Tuesday, February 9, 2010

Margaret Atwood’s “Happy Endings” put into practice

So, in reading this piece by Margaret Atwood, I realized how much time I’ve wasted reading books when I could have just applied this text to them:

Foucault’s Pendulum by Umberto Eco
On the brink of discovering the true nature of the Knights Templar, Diotallevi discovers that Belbo has been having an affair with the corpse of one of the Templars, his “Object of Desire,” and so they engage in a great swordfight around the Pendulum that ultimately leads to a pistol duel atop a train running through the Swiss Alps in which Belbo revels in his victory until the Templars return to life as zombies and hunt him down for desecrating their bodies.
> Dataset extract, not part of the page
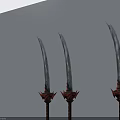 Four Decorative Curved Swords With Red Accents And Sharp Blades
The End.

Tarzan of the Apes by Edgar Rice Burroughs
Young Lord Greystoke discovers Jane has been running around with D’Arnod and so sets Cheetah on them (yeah, I know Cheetah wasn’t in the book, did you even read my previous entry?) and then escapes back to the jungle to live the rest of his life engaging in his stimulating and challenging hobbies of ant-picking and vine-swinging until he is eventually dethroned by a silverback that crushes his puny human body into the mud.

Ragtime by E. L. Doctorow
Father and Tateh discover that their Little Rascals kids have gone crazy and intend to cut the purse strings. In a mad rage after a fight, Tateh knocks Father out with a frying pan and then gasses him in the stove. After three days of crying over his body – still head-first stuck in the oven – she begins to realize that Houdini was behind it all and hires Harry K. Thaw, recently released from the mental institution, to kill him. Just as the battle of the Harry’s ends with one of them, I don’t really care which, dying, Tateh is rejected by Emma Goldman from the Communist Party and in despair, she kidnaps the Little Rascals and escapes to a dungeon Father had built years earlier. In the dungeon, she commits suicide, but her death helps provide a food source for the Rascals for several days, until they all asphyxiate and die.
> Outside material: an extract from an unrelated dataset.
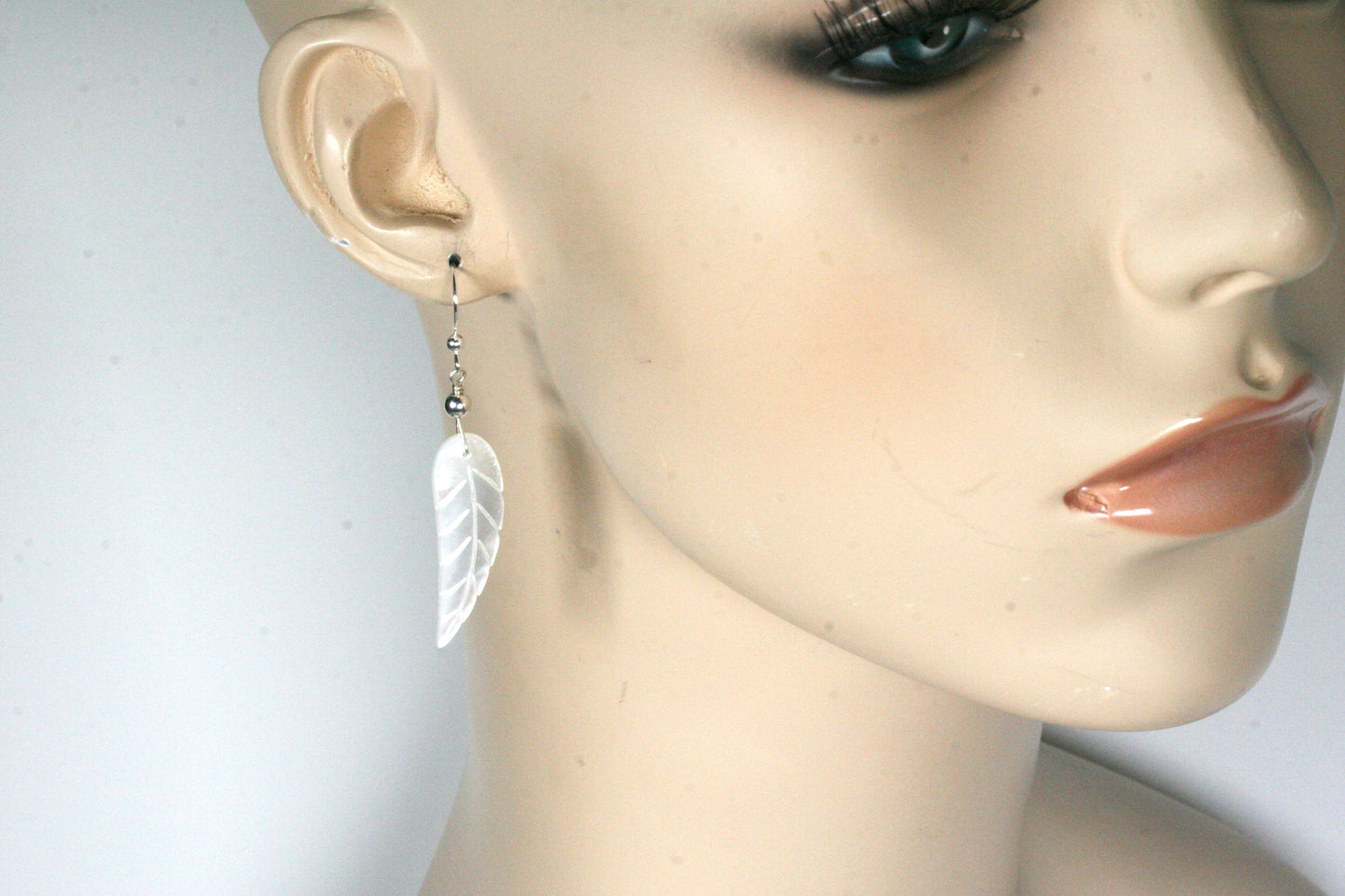 Mother of Pearl Feather Earrings with Sterling Silver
Adventures of Huckleberry Finn by Mark Twain
Once Jim is freed, he discovers that Tom and Huck have designed a grand plan to play detective before going abroad in a giant balloon. His feelings devastated, he butchers the children with an axe and a lightning rod before going on the run. He is ultimately found and turned in by the King and the Duke who claim the reward. The sheriff, as he’s giving them the reward, recognizes them as the scoundrels that swindled a nearby town and so arrests them as well. Locked in the same cell, Jim beats the pair to death with a piece of iron yanked from the foot of the bed before being shot through the jail bars by the deputy on guard. And Huck’s dad kills everyone else.